3. SAW THE TRUNK AND KEEP IT WATERED
When you get your cut Christmas tree home, with the net still on, saw off a small slice of the trunk. If you are not standing it up straight away place the tree in a bucket of water outside in a cool but frost free place as soon as possible after sawing. Shortly after the tree is cut, sap will begin to form over the trunk making it impossible for it to draw water. The tree needs to draw water in order to stay fresh.
When you are ready, mount your Christmas tree in a water-holding stand. Take your tree inside and remove the net. Fill the stand with tap water. It is important to regularly check that the Christmas tree has enough water and that the stump is still submerged. A tree can consume litres of water each day in a warm room and if your tree runs out, it will seal over and dry out more quickly. The importance of water cannot be emphasised enough but please remember to always turn off your tree lights before watering your tree!
4. CHOOSE THE RIGHT POSITION FOR YOUR CHRISTMAS TREE
Place your Christmas tree in the coolest part of the room, away from direct heat sources like radiators and wood burners. The more you allow your Christmas tree to dry out, the more likely it is to shed its needles. It’s best to put the tree somewhere where it won’t be knocked but where you can get access to water it – again please remember to always turn off your tree lights before watering your tree!
POT GROWN LIVING CHRISTMAS TREES
1. CHOOSE A POT GROWN TREE
British Christmas Tree Growers Association say there’s a good chance of the Pot Grown tree growing on after Christmas because the entire root system is intact inside the pot, including the tap root which is essential for the tree’s survival.
2. REMOVE THE PLASTIC BAG AND KEEP THE TREE COOL AND WATERED.
Once your pot grown Christmas tree is at home, remove its protective net and the plastic bag covering the bucket. Stand the tree in a cool but frost free place until it’s required. Before taking your real Christmas tree inside your house, completely soak the compost by immersing the pot in a bucket of water or watering little by little until the compost has become completely saturated. Leave it to drain before taking the tree indoors.
Pot grown Christmas trees need to be watered and cared for as for any house plant. Once inside your home your Christmas tree should be placed on a plant tray or large dinner plate and positioned in the coolest part of the room, away from radiators or other sources of heat.

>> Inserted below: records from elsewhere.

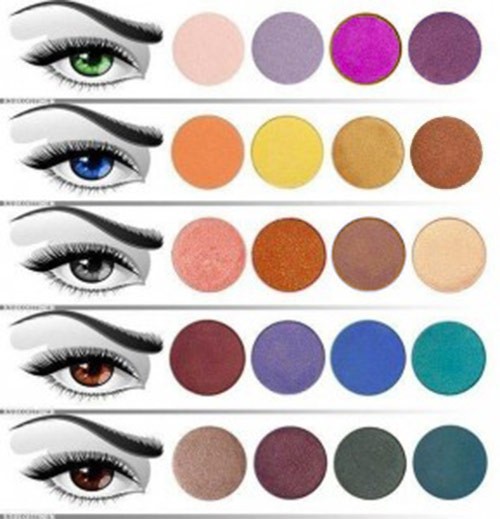 8 astuces pour choisir son maquillage en fonction da la couleur de ses yeux et de ses cheveux 18 couleurs-de-fard-à-paupières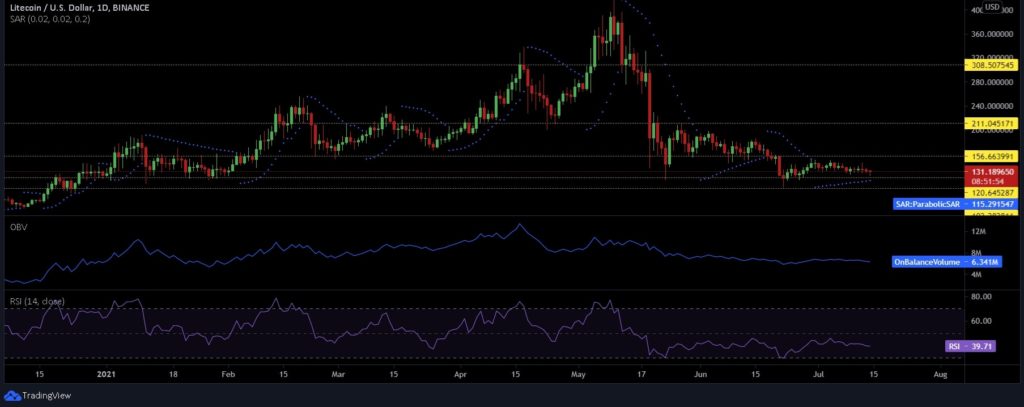 Binance Coin, Bitcoin Cash, Litecoin Price Analysis: 14 July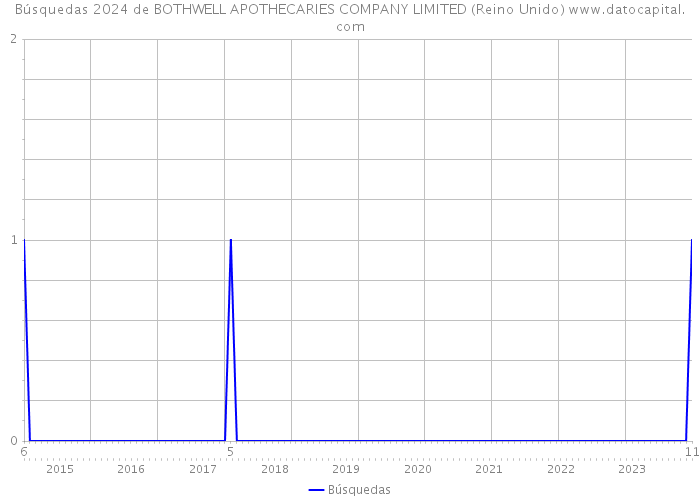 Búsquedas 2024 de BOTHWELL APOTHECARIES COMPANY LIMITED (Reino Unido) 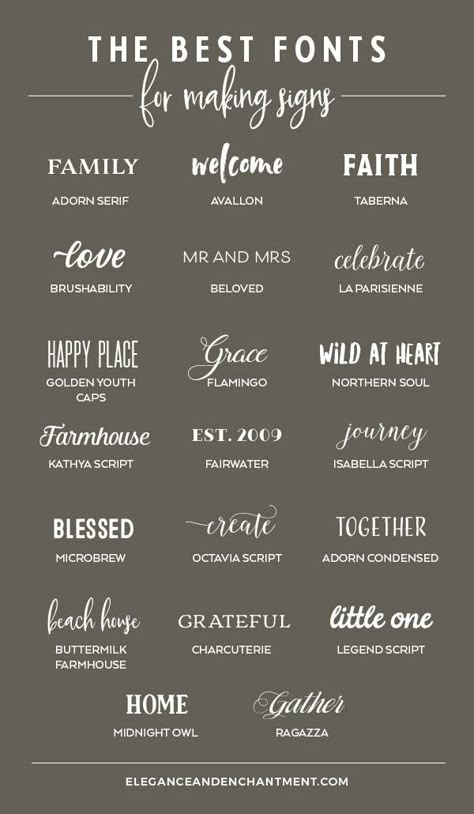 Searching for the perfect font to use on your next hand lettered sign? Here's a roundup of twenty fabulous typefaces. // From Elegance and Enchantment #signmaking #fonts #lettering Alfabet Font, Making Signs, Design Alphabet, Desain Buklet, Idee Cricut, Best Fonts, How To Make Signs, Font Combinations, Aesthetic Fonts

For the duration of its stay in your home, your Christmas tree should be watered regularly.
3. PLANT YOUR TREE OUT AFTER CHRISTMAS
Your pot grown Christmas tree can be put back outside after the festive season but it has been suggested that extreme temperature changes can shock the tree so it’s therefore best to move it from the house to a cool but frost free place (e.g the garage, porch or a spare bedroom with the radiator turned off) then after a week from there to the garden.
If you’d like to try to keep your pot grown Christmas tree going plant it out into the ground or into a larger container between New Year and the arrival of spring. A re-potted tree may be used as next year's Christmas tree. If you choose to keep your tree in a pot, it is much better to put the tree into a larger container to encourage the further development of the tree’s root system. Use a peat-based compost to give your tree a good start in its new home. Remember to feed and water your living Christmas tree regularly during the growing season (spring to autumn) especially during hot weather and definitely if it’s being kept in a pot. Some growers advise to give the tree a good soaking and then allow it to drain well. Christmas trees don’t like sitting in a puddle!
It’s worth noting that some retailers sell ‘potted’ or ‘root balled’ Christmas trees. These trees have usually been grown in the ground and dug up before putting them in a bucket for sale. The process of digging up the tree can damage the root system which is why they often have much lower survival rate that Pot Grown trees.
The Tree Amigos only stock ‘Pot Grown’ trees to ensure the best survival rate.